Michael Douglas habló sobre el paso de los años en una entrevista con ARRP Magazine en donde dejó una definición preocupante de algo que le está pasando. “A lo largo de la pandemia, en la que pasé mucho más tiempo haciendo básicamente nada en el sofá, me sorprendió la cantidad de energía que perdí. Y mi memoria a largo plazo está bien, pero a corto plazo… no tanto. Lo estoy investigando”, reveló.

El actor sostuvo que se sorprendió por este efecto y que al principio pensó que podía deberse a sus excesos del pasado, especialmente con la marihuana, pero tras haber consultado a varios amigos suyos que fumaban mucho más que él cuando eran jóvenes, notó que su problema era otro.

En la íntima entrevista reflexionó muchas otras cosas sobre su vida cotidiana, su infancia, su rol como hijo y como padre. Por ejemplo, recordó que la gente está equivocada con el concepto de que él pertenece a eso que se llama “realeza del mundo del espectáculo”: “Aprecio la relación que tuve con mi padre, pero cuando yo era joven, él era un actor ocupado y yo aún no había triunfado”. Por eso, conocedor de que el mundo del cine es tan agradecido como ingrato con los actores, decidió no depender solo de la actuación y se creó una carrera detrás de cámara como productor, invirtiendo en películas como Atrapado sin salida o Síndrome de China.

Douglas dijo que es adicto a las noticias y opinó sobre los efectos de la pandemia.
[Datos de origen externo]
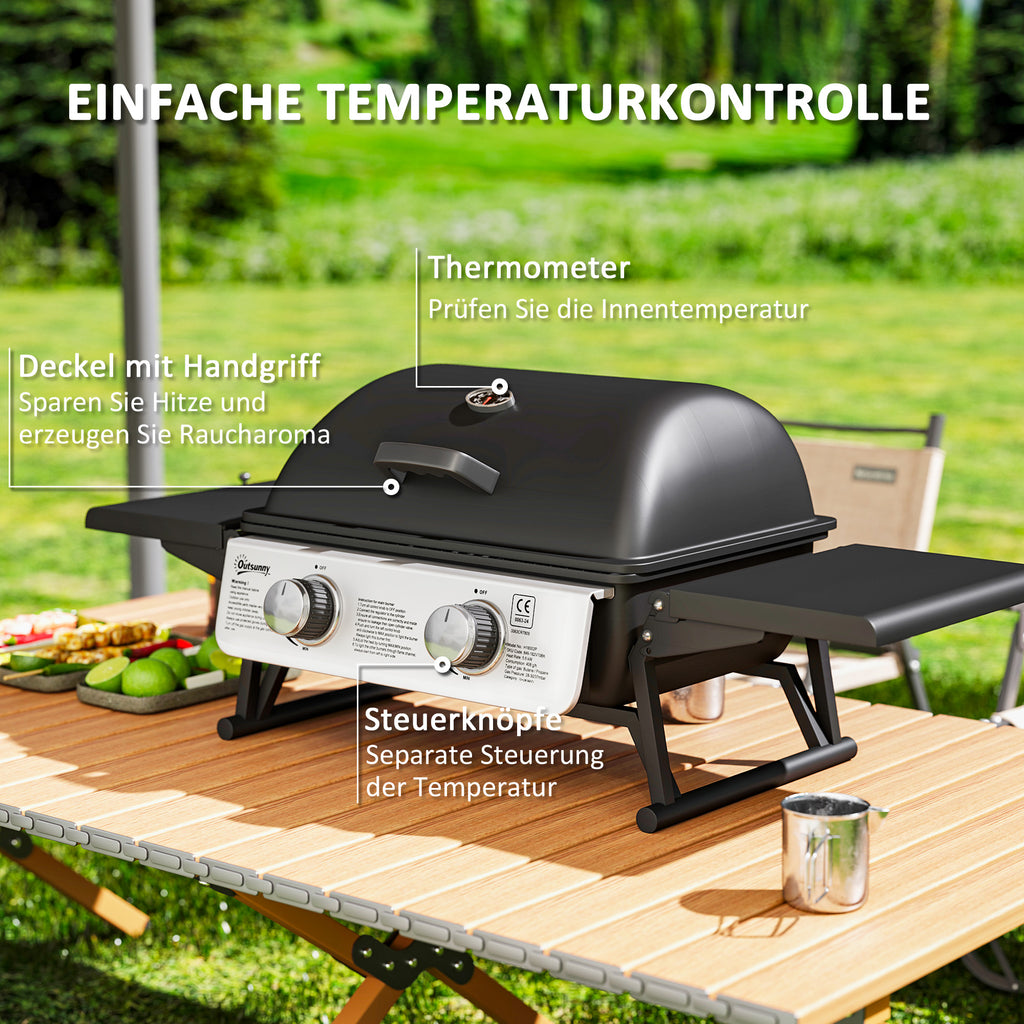 Outsunny Gasbarbecue 5,6 KW met 2 Roestvrijstalen Branders en Zijtafels, Drukregelaar 101 x 48 x 41 cm Zwart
A su juicio, después de esta especie de “temporada sedentaria” que está pasando, está ansioso por volver a viajar, trabajar, abrazar a sus amigos y seguir aprendiendo. “Con la madurez, no te sentís necesariamente muy diferente de lo que te pasaba cuando eras más joven. Ahora simplemente busco la alegría de un buen momento”, enfatizó.

Tampoco evitó hablar sobre la paternidad. Padre de tres hijos, Cameron, de 42 años, fruto de su primer matrimonio con Diandra Luker, y Dylan y Carys, de 20 y 17, a los que tuvo con su actual esposa, la actriz Catherine Zeta-Jones, afirmó que aún le sorprende “el esfuerzo que supone ser padre”. Y añadió: “Hay que aprender a tener paciencia. Los actores tendemos a ser un poco narcisistas. Ahora soy el orgulloso abuelo de dos nietos (Lua, de 3 años, y Ryder, de 3 meses), de mi hijo mayor, Cameron. Me hace reír cuando lo veo con sus hijos. Él y yo tuvimos nuestros problemas cuando él estaba creciendo, y es como ‘ahora ves lo que es ser padre’”.

Desde su punto de vista lo más difícil que tuvo que hacer como padre es “establecer límites, grandes y chicos”. Y explicó: “Mi hijo mayor, Cameron, era adicto y terminó cumpliendo siete años y medio en una prisión federal. Eso fue duro, tener que protegerme a mí y a mi familia y decirle a mi hijo mayor que si sentía que me alejaba de él, lo hacía porque tenía miedo de que se matara o mate a otra persona. Esa experiencia con Cameron no se la deseo a nadie. Muchas familias pasan por problemas de adicción. Se requiere dureza. Pero cuando llegás a ese punto, lo haces por tu hijo”.

A pesar de sus preocupaciones actuales sobre su memoria, el actor comentó que afronta el futuro con energía y que no va a dejar de actuar: “El trabajo te mantiene en marcha, en alerta. Por supuesto, cuando miro alrededor en el set, soy el más viejo. Pero me encanta todo el proceso. No nos dedicamos a la neurocirugía; somos del mundo del espectáculo. Un límite que sí establezco es ‘no se permiten imbéciles’. Yo no trabajo con imbéciles. No tengo tiempo para eso”.